Frances Evelyn "Daisy" Greville, Countess of Warwick (née Maynard; 10 December 1861 – 26 July 1938) was a campaigning socialist who supported many schemes to aid the less well off in education, housing, employment and pay. She established colleges for the education of women in agriculture and market gardening, first in Reading then in Studley. She established a needlework school and employment scheme in Essex as well as using her ancestral homes to host events and schemes for the benefit of her tenants and workers. She was a long-term confidant or mistress to the Prince of Wales, who later became King Edward VII.
She was the inspiration behind the popular music hall song "Daisy, Daisy".
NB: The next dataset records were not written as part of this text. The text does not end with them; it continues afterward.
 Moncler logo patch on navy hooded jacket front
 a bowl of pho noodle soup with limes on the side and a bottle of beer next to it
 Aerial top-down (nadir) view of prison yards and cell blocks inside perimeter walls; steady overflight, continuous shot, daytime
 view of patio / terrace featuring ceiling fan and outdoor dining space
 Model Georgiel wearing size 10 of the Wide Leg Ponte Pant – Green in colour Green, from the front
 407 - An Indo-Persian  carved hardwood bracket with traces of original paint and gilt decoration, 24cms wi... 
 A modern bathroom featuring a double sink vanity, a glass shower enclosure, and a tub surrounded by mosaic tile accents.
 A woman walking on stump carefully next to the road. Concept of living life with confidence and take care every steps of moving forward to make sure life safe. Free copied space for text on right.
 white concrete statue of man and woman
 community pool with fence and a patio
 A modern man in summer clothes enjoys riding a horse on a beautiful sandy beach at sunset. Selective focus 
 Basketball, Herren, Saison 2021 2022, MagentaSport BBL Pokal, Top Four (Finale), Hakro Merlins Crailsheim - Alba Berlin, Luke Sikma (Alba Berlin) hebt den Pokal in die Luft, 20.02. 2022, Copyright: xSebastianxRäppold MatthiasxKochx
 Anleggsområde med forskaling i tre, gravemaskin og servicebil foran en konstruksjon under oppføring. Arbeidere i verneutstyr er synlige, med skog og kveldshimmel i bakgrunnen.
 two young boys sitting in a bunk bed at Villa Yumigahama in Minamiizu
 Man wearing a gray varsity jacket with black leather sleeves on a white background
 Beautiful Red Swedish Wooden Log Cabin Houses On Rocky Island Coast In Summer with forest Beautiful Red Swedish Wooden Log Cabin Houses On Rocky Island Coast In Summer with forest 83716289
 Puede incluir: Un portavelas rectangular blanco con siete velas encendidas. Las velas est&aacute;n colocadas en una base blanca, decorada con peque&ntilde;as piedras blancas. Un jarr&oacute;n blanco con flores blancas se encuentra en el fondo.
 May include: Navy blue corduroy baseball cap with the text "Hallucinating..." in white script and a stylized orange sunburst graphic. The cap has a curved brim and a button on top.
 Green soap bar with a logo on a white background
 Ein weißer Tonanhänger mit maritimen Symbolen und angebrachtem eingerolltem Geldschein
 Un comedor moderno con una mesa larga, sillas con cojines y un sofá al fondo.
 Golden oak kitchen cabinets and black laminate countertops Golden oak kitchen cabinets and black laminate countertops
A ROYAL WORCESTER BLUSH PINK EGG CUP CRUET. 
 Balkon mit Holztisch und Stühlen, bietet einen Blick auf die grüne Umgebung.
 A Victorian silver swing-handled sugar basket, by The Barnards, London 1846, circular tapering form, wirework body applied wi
Born at 27 Berkeley Square, London, she was the elder of two daughters of Colonel Charles Maynard and his second wife, Blanche FitzRoy. Blanche FitzRoy was descended from Charles II through his mistress Nell Gwyn via her mother, Jane Beauclerm, and Henry Fitzroy and the Dukes of Grafton via her grandfather Rev. Henry Fitzroy. Blanche was only 18 when she gave birth to Frances, whilst Charles was aged 50. Frances would always be known as Daisy. The Maynards' younger daughter and Daisy's sister was named after her mother and was always known as Blanchie. Charles Maynard was the eldest son and heir apparent of Henry Maynard, 3rd Viscount Maynard. As Charles died three months before the Viscount, it was Daisy who inherited the Maynard estates in 1865, including her ancestral home of Easton Lodge in Little Easton, Essex. Two years after her father's death, her mother married 33-year-old Lord Rosslyn, a favourite courtier of Queen Victoria. They had five children, Daisy's half-sisters, including the noted Sybil Fane, Countess of Westmorland; Millicent Leveson-Gower, Duchess of Sutherland; and Lady Angela Forbes.